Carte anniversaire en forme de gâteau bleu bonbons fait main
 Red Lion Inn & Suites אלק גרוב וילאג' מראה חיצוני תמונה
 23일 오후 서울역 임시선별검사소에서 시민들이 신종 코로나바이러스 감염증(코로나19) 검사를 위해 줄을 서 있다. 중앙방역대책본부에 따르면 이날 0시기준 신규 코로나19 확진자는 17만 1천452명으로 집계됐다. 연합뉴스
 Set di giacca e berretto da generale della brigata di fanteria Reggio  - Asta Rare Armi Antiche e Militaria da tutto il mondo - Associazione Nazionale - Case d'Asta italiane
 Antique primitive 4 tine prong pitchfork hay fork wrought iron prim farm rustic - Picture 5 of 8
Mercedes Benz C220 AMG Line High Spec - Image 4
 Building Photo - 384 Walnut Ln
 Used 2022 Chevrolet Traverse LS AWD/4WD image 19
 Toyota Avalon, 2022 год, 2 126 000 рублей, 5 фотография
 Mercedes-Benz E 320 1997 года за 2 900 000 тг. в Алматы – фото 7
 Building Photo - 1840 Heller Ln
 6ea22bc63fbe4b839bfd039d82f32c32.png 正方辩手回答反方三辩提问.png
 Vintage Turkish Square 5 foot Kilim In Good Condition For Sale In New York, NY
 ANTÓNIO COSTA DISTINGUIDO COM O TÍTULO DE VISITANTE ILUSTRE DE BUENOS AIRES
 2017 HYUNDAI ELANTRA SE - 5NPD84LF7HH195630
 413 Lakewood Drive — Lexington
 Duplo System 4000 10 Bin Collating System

▬▬▬▬▬▬

Only the lines from the beginning of the listing through the line containing "Building Photo - 384 Walnut Ln" are wanted, each restated word for word.

Carte anniversaire en forme de gâteau bleu bonbons fait main
 Red Lion Inn & Suites אלק גרוב וילאג' מראה חיצוני תמונה
 23일 오후 서울역 임시선별검사소에서 시민들이 신종 코로나바이러스 감염증(코로나19) 검사를 위해 줄을 서 있다. 중앙방역대책본부에 따르면 이날 0시기준 신규 코로나19 확진자는 17만 1천452명으로 집계됐다. 연합뉴스
 Set di giacca e berretto da generale della brigata di fanteria Reggio  - Asta Rare Armi Antiche e Militaria da tutto il mondo - Associazione Nazionale - Case d'Asta italiane
 Antique primitive 4 tine prong pitchfork hay fork wrought iron prim farm rustic - Picture 5 of 8
Mercedes Benz C220 AMG Line High Spec - Image 4
 Building Photo - 384 Walnut Ln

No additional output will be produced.